= EXERCISE AIM =
Word for word, retype the lines from the one containing "- 9 Mercedes-BenzClase" to the one containing "4048 Cosmo St, San Diego, California 92111" below, keeping both end lines and dropping the pictures.

= Short descriptive text snippets =

= = = =

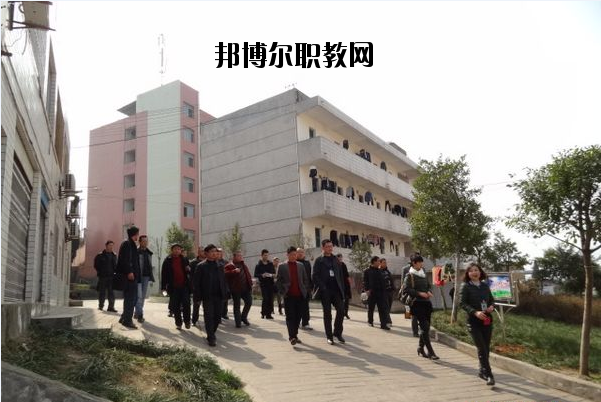古藺縣大村職業(yè)中學(xué)校2020年報(bào)名條件、招生要求、招生對(duì)象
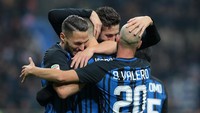 Tapi Inter memastikan itu adalah gol terakhir Sampdoria di laga ini dan menang 3-2. Berlanjutlah start positif Inter, yang kini memimpin klasemen dengan nilai 26. Mereka unggul satu poin dari Napoli yang bisa membuat perubahan kembali di puncak klasemen. (Foto: Emilio Andreoli/Getty Images)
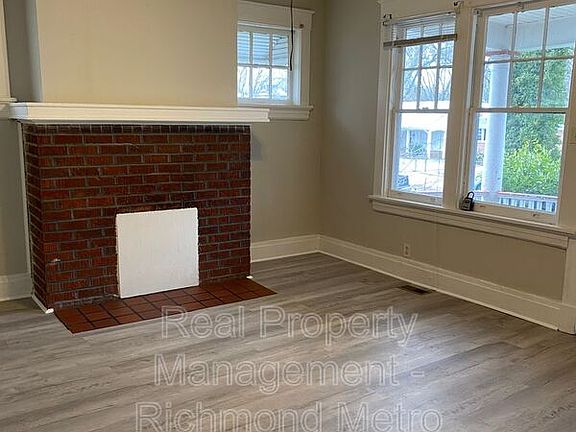 3rd image of 3221 Hanes Ave #B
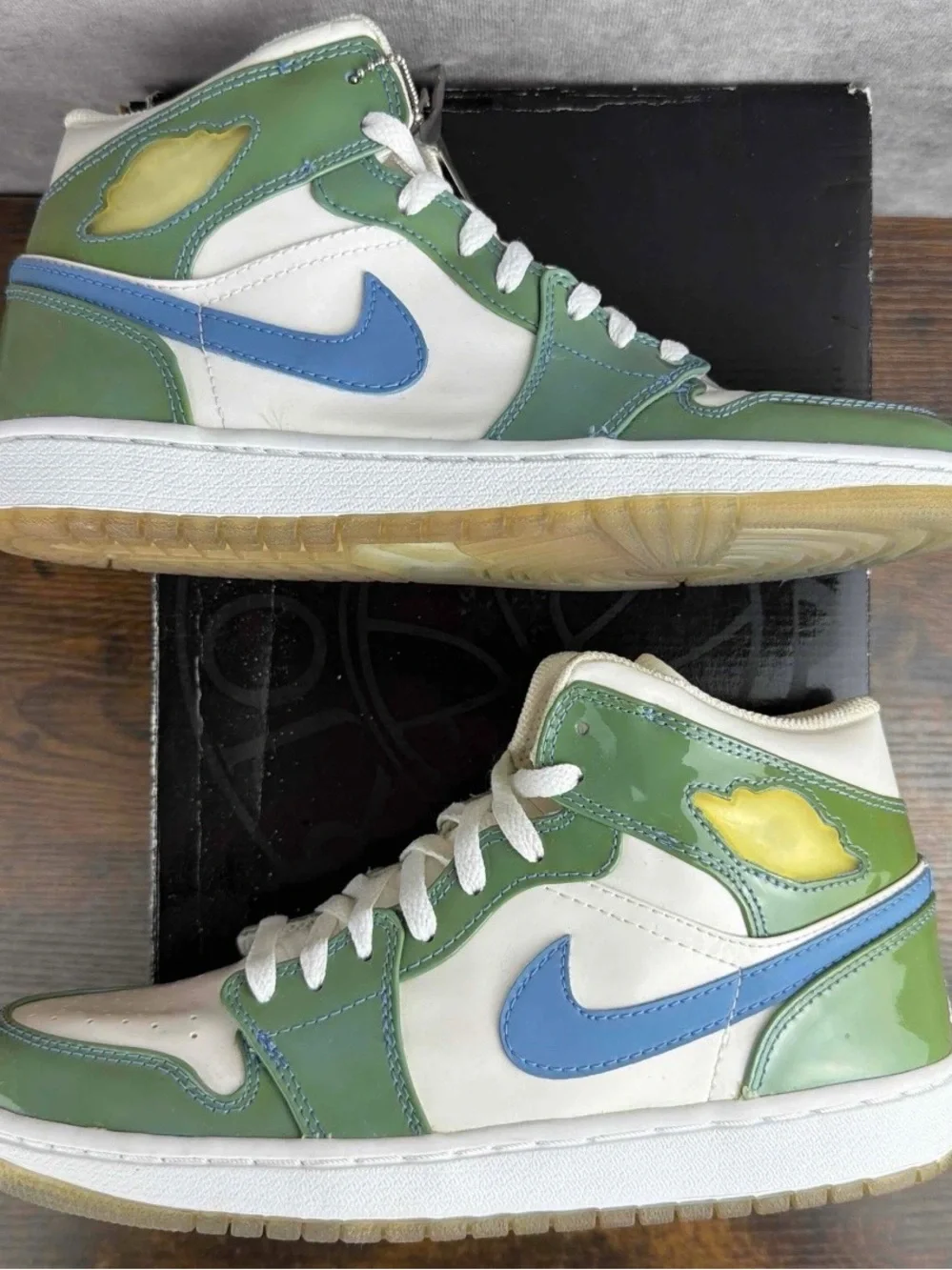 NEW Air Jordan 1 Retro UNC Patent 2003 Size 9 136085-140 Men’s Sneakers OG Rare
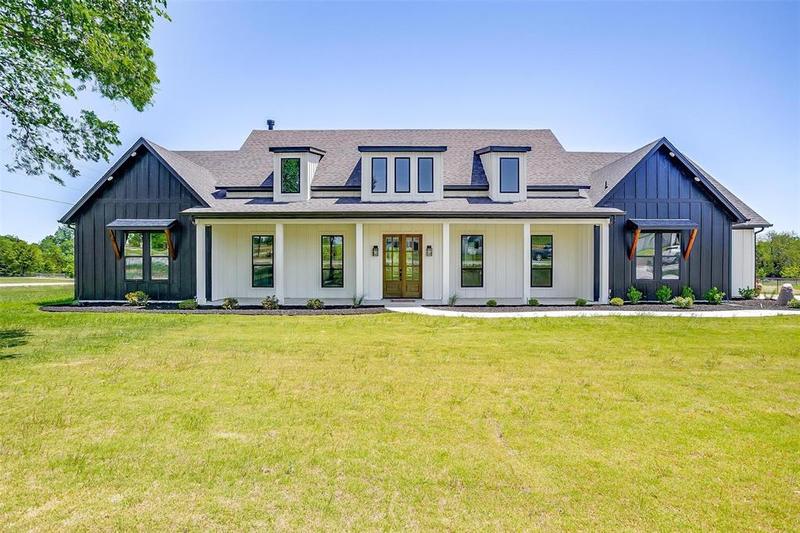 701 Glade Park Ct, AZLE, TX 76020 for Sale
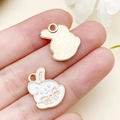 Pendentif lapin mignon en émail blanc avec nœud rose et alliage doré pour bijoux DIY - Lapin au Nœud en Émail Blanc (23286)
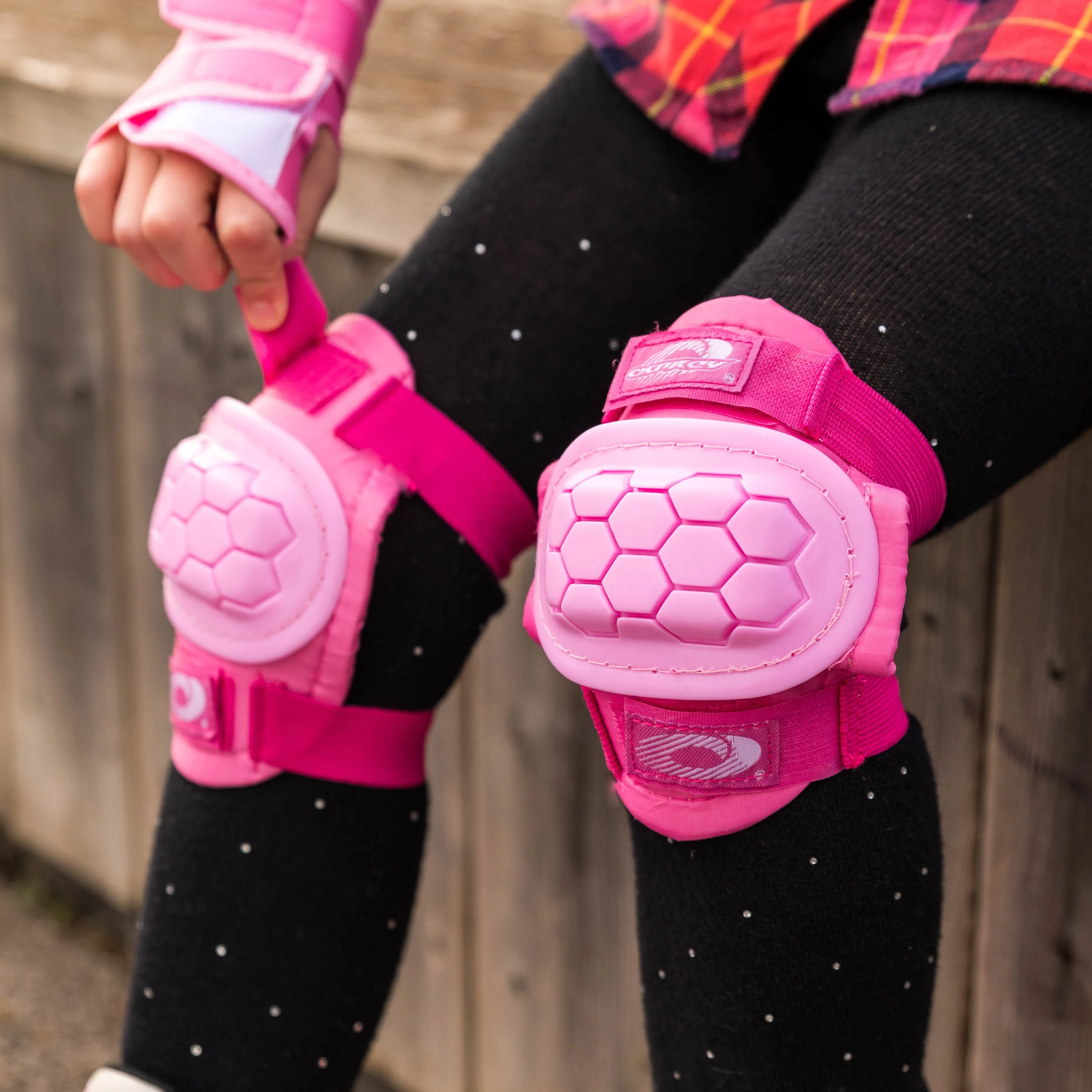 Kids Skate Pads - Knee & Arm Pads, Wrist Guards - Image 3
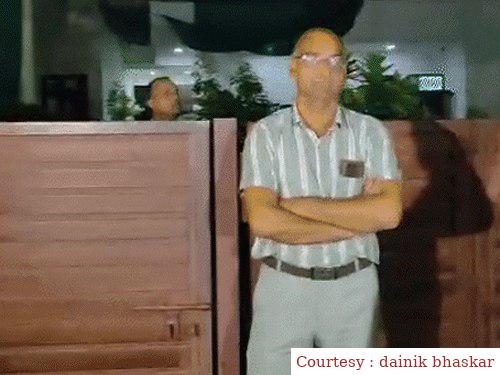 The Anti Corruption Bureau team arrested the mayors husband, millions of rupees received from the house.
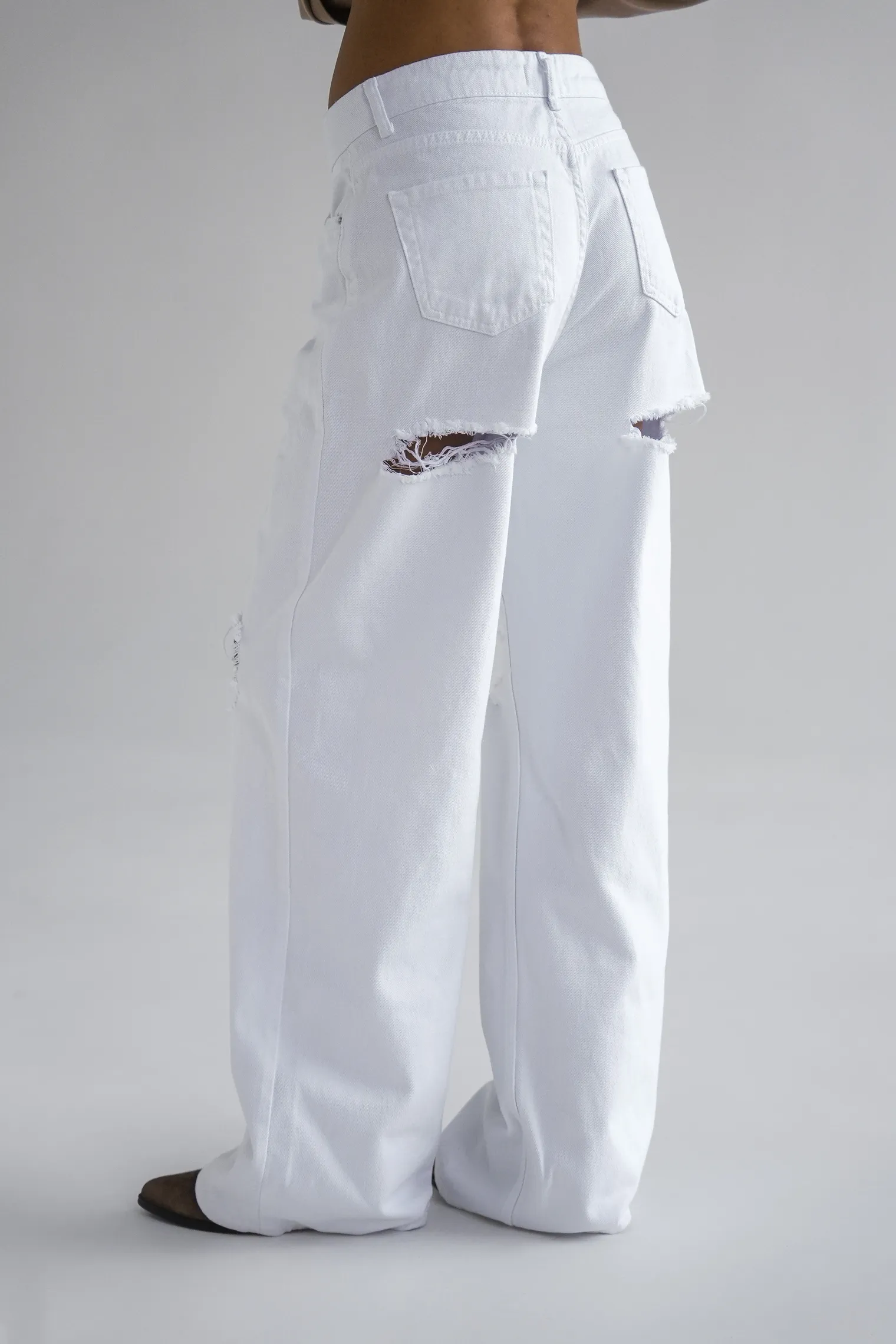 Джинсы свободного кроя с разрезами белого цвета фото 3
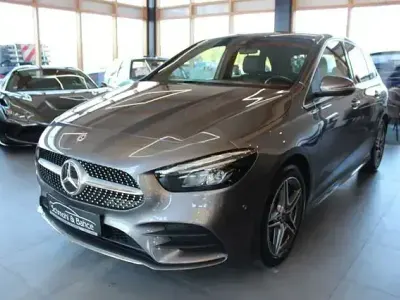 Używany Mercedes B250e AMG line 218 KM (160 kW) 2022 Szary Minivan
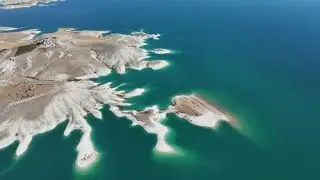 Atat&uuml;rk Barajı'nda kuraklık nedeniyle su seviyesinin d&uuml;şmesi sonucu adacıklar g&uuml;n y&uuml;z&uuml;ne &ccedil;ıktı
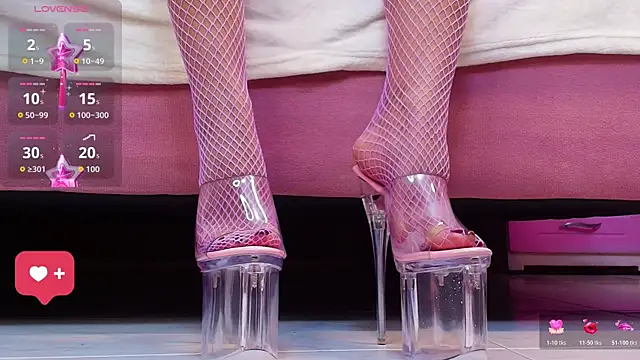 Snapshot of AuroraSim chatting on 01.06.26 AuroraSim online show from 01.06.26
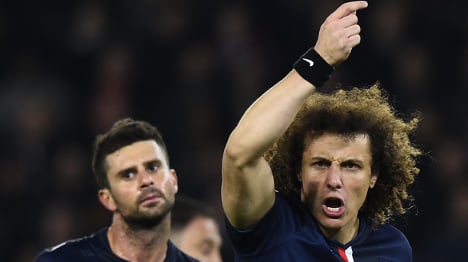 PSG earn slender win to reach knockout stages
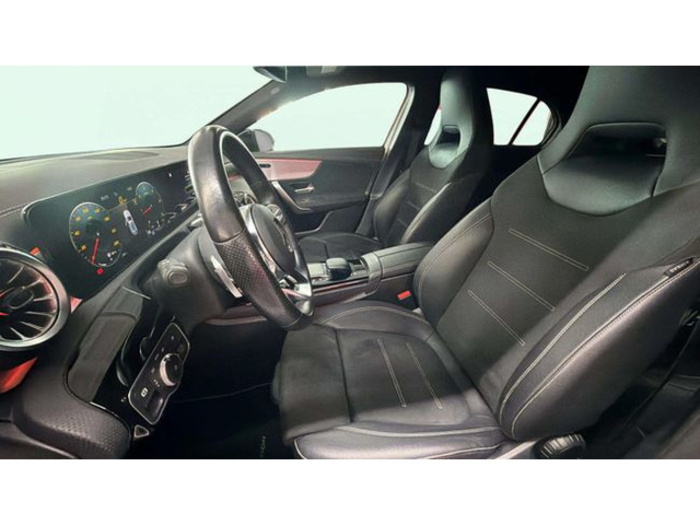 Mercedes-BenzClase A 200 d 110 kW (150 CV) Vehículo usado en Barcelona - 9 Mercedes-BenzClase A 200 d 110 kW (150 CV) Vehículo usado en Barcelona - 9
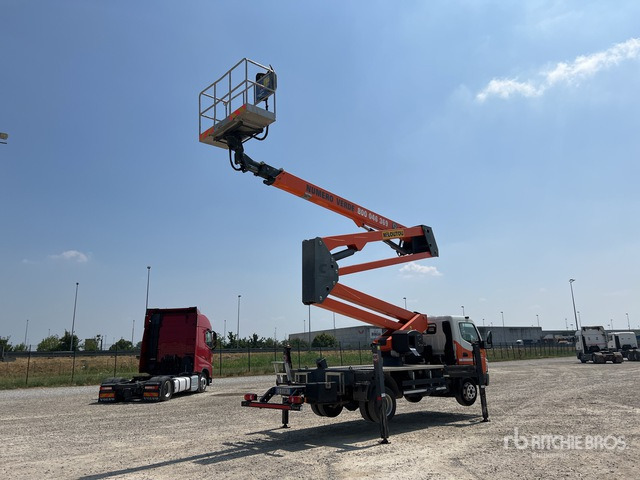 2013 Mitsubishi Canter 6C15 2013 Socage DA328 28 m on Bucket Truck - Veoautolt tõusev platvorm: pilt 4 2013 Mitsubishi Canter 6C15 2013 Socage DA328 28 m on Bucket Truck - Veoautolt tõusev platvorm: pilt 4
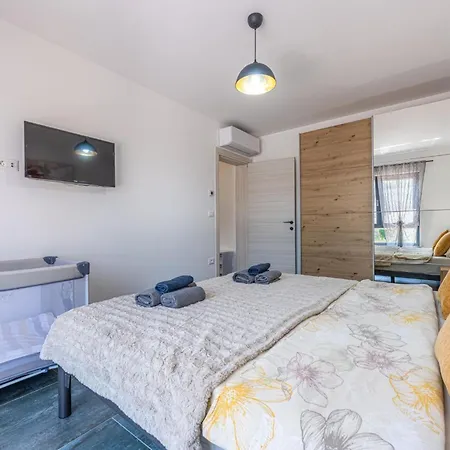 Rose Mit Privatem Pool By Interhome Apartment Medulin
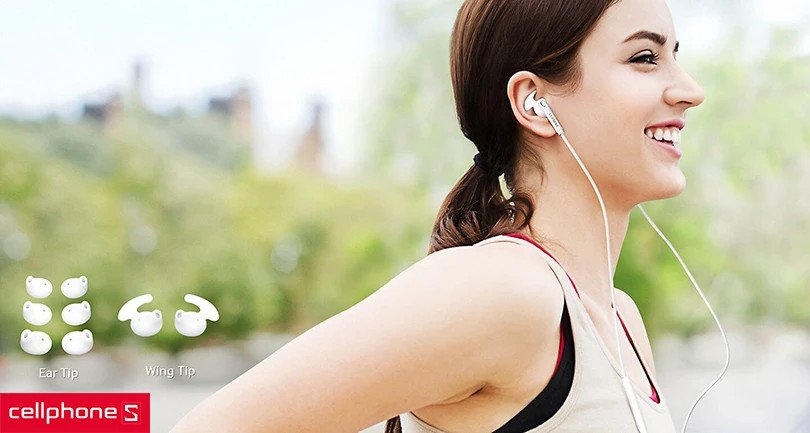 Người dùng trải nghiệm tai nghe không dây Samsung chất lượng cao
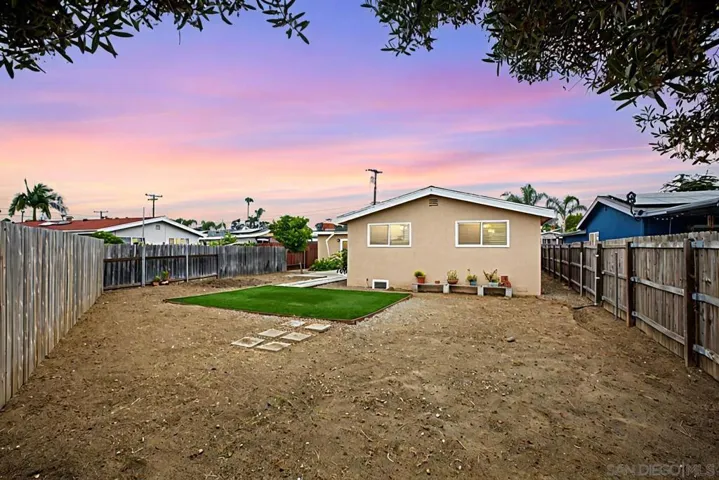4048 Cosmo St, San Diego, California 92111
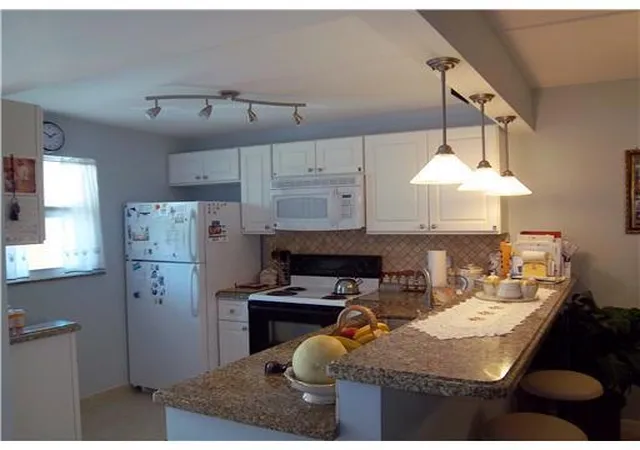 Photo 3 of Condo for sale at 3500 Sw Natura Blvd #203, Deerfield Beach, FL 33441 | MLS# R11158094 | Listing updated on 2026-10-06
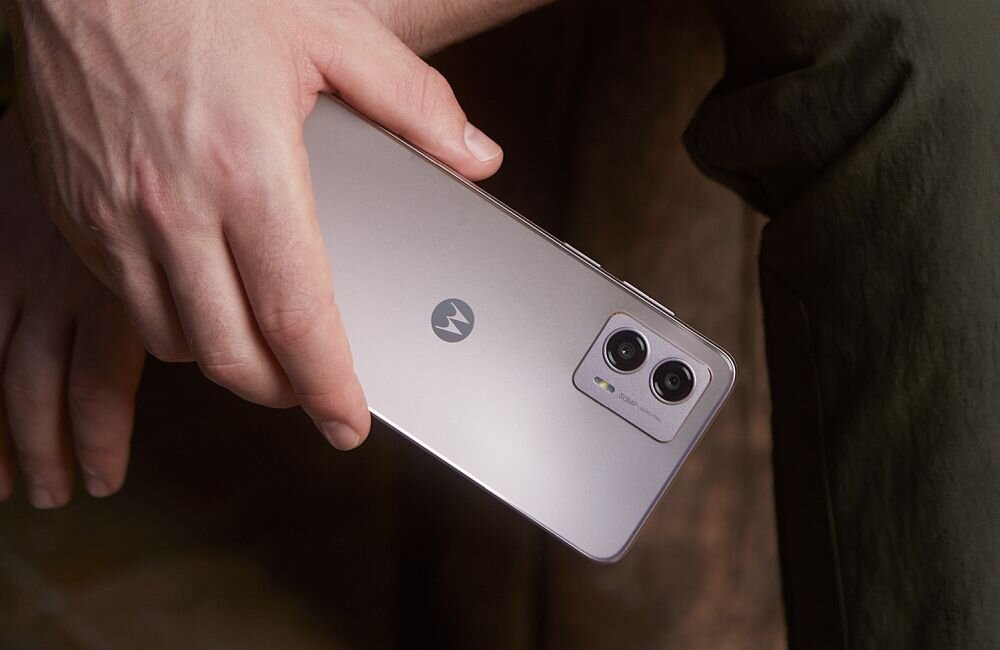 Smartfon MOTOROLA Moto G53 5G ekran bateria aparat procesor ram pamięć pojemność rozdzielczość zdjęcia filmy opis dane cechy blokady system łączność wifi bluetooth obudowa szkło odporność porty muzyka transfer sieć przekątna matryca waga czujniki oled amoled ips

= = = =

= OUTPUT OF THE EXERCISE =
 Mercedes-BenzClase A 200 d 110 kW (150 CV) Vehículo usado en Barcelona - 9 Mercedes-BenzClase A 200 d 110 kW (150 CV) Vehículo usado en Barcelona - 9
 2013 Mitsubishi Canter 6C15 2013 Socage DA328 28 m on Bucket Truck - Veoautolt tõusev platvorm: pilt 4 2013 Mitsubishi Canter 6C15 2013 Socage DA328 28 m on Bucket Truck - Veoautolt tõusev platvorm: pilt 4
 Rose Mit Privatem Pool By Interhome Apartment Medulin
 Người dùng trải nghiệm tai nghe không dây Samsung chất lượng cao
4048 Cosmo St, San Diego, California 92111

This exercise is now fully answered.